The depth and longevity of the consequences we endure based on the choices we make are greater than they first appear.  We would be wise to pass that on to our children but you cannot pass on things that you refuse to review, reflect and learn.  Some choices become generational consequences.  A few things to consider when making choices, life-altering choices.

  1. BEFORE, you can make better choices, you must first be willing to admit you made them.  Admitting to a bad decision must be clear n concise, without the “but”; I did it but, it was because of this or that.  Any excuse attached to the admittance is removing or reducing your responsibility for the mistake.  ALL choices have a story!  The admitting of a bad choices MEANS realizing that the facts as you saw them then were inaccurate at best and more likely inaccurately misinterpreted by you, the choice maker.  When making a choice one should remember it is your job to know the facts not assume anything.  People usually accept the word of others only when it benefits them and their desire.
  2. Review and rewind your consequences back to the place where the choices were made.  Easier said than done.  Most people chunk too many things to circumstances beyond their control or their ability to foresee.  Unfortunately, that is far from the truth in most cases.  Example: When two people have sex, or make plans to have sex, they know that pregnancy is just one of the options that can occur.  Saying that the outcome is something one couldn’t foresee isn’t true.  What they mean to say is, “I didn’t think it would happen to me.”  Those two statements are definitely not the same thing.  Emergencies do not happen nearly as often as we would like to say that they do.  Real emergencies are few and far between.  Other emergencies generally mean that we failed to plan, or made other choices hoping for better consequences EVEN WHEN there was no real evidence that suggest better would occur, the very definition of insanity (doing the same things expected different results).
  3. NO ONE MAKES THE RIGHT CHOICES ALL THE TIME! Making bad choices is part of the learning process, it is when one consistently makes bad choices without even considering the consequences that a problem occurs.  Consequences by nature of definition are meant to be thought provoking, challenging and a learning process.  When people intervene in the consequences process, it can derail the learning curve resulting in repetitive bad choices.  Simply put, living through the consequences of bad choices is the way to not keep making them.
  4. Before making choices, take time to weigh all the possible consequences.  Pros and Cons.
  5. Take quality time before making decisions.  Rush decisions are usually reactions not responses.  Reactions occur due to emotions and unreasonable thinking.
  6. When we take time to make better choices, the consequences of your actions do not become the financial responsibilities of others.
  7. Bailouts should be real emergencies and not the results of impulsive choices.

Consequences of our choices linger longer than we care to admit sometimes.  Work to make better choices so that your consequences aren’t always bad and long.

CHOICES & CONSEQUENCES: Living with the latter

CHOICES & CONSEQUENCES

We all make choices every day.  What we will eat, what to wear, who we date and even the people with whom we spend the rest of our life.  The effects of those choices are short-lived for the most part.  If you eat something that doesn’t agree with you, it will exit your body one way or the other.  If you wear something unflattering, you can give the outfit away, hide it in the back of your closet and not wear it again.  There are other choices we make daily where the consequences are greater.

The ability to choose or to make our own choices is a fight that begins early and at every stage there is more and more debate, discussion and decision.  In fact, it is so common that many of the freedoms we gain as people are given by age.  One can operate a vehicle legally by the age of 16 or decide to whom to vote for in political elections at the age of 18 and by 21 a person is considered legal to drink alcoholic beverages; all the choices or abilities mentioned are accompanied with responsibilities, some greater than others.

Choices!

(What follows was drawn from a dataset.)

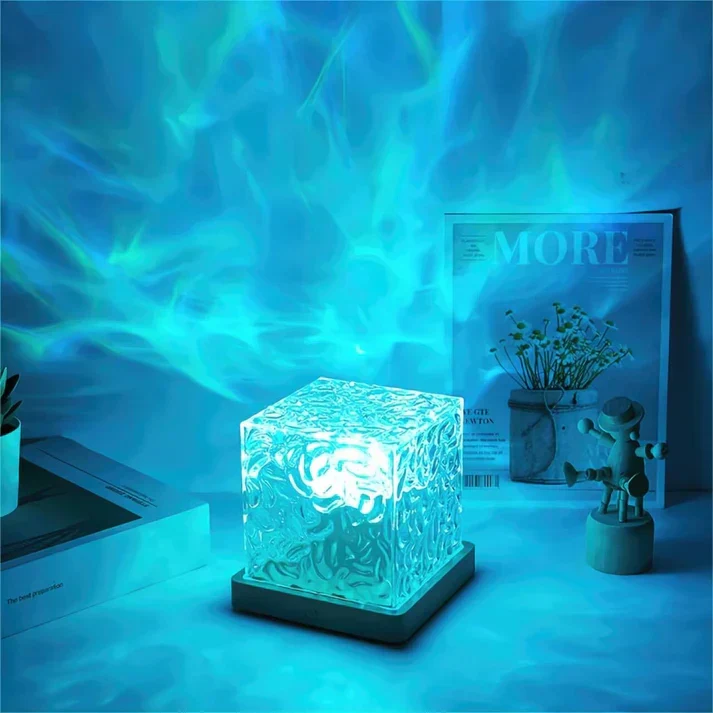 OCS - Noorderlicht Projectorlamp – Draadloze Sfeerlamp met 16 Kleuren en Timerfunctie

The thing about making choices is often one doesn’t always see just how far, how deep the consequences go for some decisions that one makes.  When choices are made too quick, made in the heat of one’s emotions, made based on desires or even choices made that only consider one’s self can and will result in consequences that people around them must suffer.  Choices.  It is on the ability to make choices that most focus and fight for.  What if the focus changed to thinking about the consequences of the choices we make?

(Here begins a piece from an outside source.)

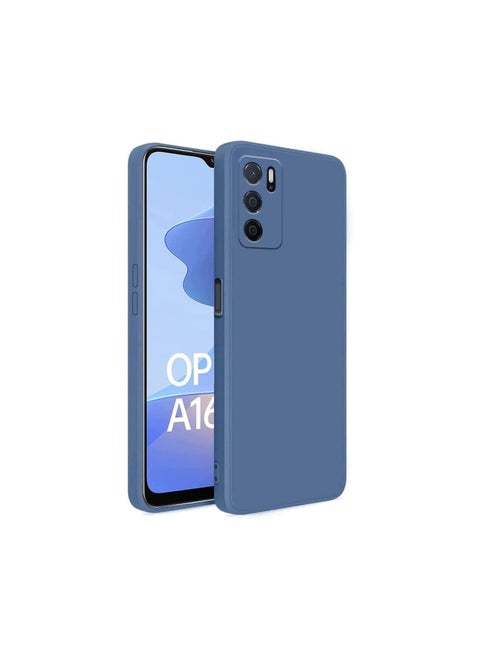 Camera Protection Flexible Back Case Cover for  Oppo A16 (Blue)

Choices can occur quickly, consequences linger.  A bad choice can result in consequences that last until there is a conscious decision to adjust and/or undo the choices made.  Consequences of choices can affect those who love the choice maker, those who financially support the choice maker and people that get caught in the middle of choices made.  Simply put, instead of focusing on the ability to make choices maybe we should teach our children, emphasize to young people that making choices looks easy and it may make them feel good but having the ability to make choices means nothing if you can’t live with the consequences of the choices.

Overspending and under budgeting can be detrimental even allow one to lose the things he or she has acquired.  Choice to spend made, multiple scenarios of consequences can and will follow.  Do you really know how long a financial choice affects your budget?

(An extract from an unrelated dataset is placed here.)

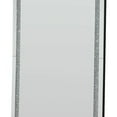 thumbnail image 3 of Floor Mirror with Faux Diamond Inlays and LED Trim, Silver, 3 of 5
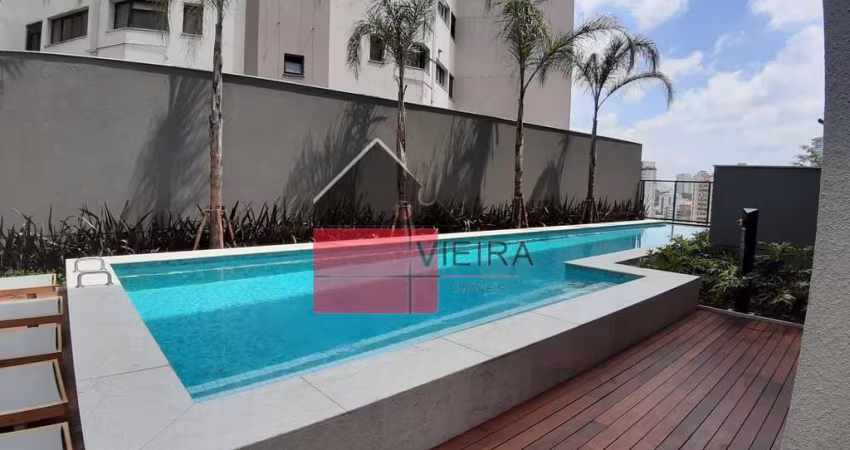 Studio com terraço locação ou venda, mobiliado e equipado, Vila Mariana, São Paulo, SP Rua Bartolom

What about relationship choices?  Can you really determine how deep emotionally, socially, financially and mentally the cost of those decisions?  No, you cannot.

Having a child before and out of marriage?  That decision affects generations.  Single parents begat single parents.  The choice to be a young mother or father leads to consequences affects one socially, mentally, and financially.  It can become a generational curse.

There is no way that one can make perfect choices all the time, there is no such thing.  The other part of that is that we learn through trial and error.

  • The goal is that when one begins to make choices that he or she think about more than self-satisfaction.
  • To think beyond the immediate and think a little further down the road before making the choice.
  • The goal to bring awareness that if one makes a choice, he or she should be equipped to handle the consequences that accompany the choice or at least admit the mistake and grow from it.
  • Evaluate your choices and when the choice wasn’t right BEFORE making another rash decision to get out of the consequences from the previous bad choice.
  • Although sometimes it feels that way, not all decisions or choices have to be made right away. Think before making them, plan, evaluate and in some cases delay making the choice to ensure the correct one.

For every choice, there are consequences.  Think before you do.

Communication vs Talking; there is a difference.

Image result for image of a couple trying to communicate with one another

Things said, explained and understood; become things learned and knowledge acquired.  It’s called communication which technically does not occur until the person speaking is understood by the person listening.  Too often there is more talking back and forth and less communicating.  Most people never stop to hear what the person said to them and far less time getting an understanding of what they actually meant to say.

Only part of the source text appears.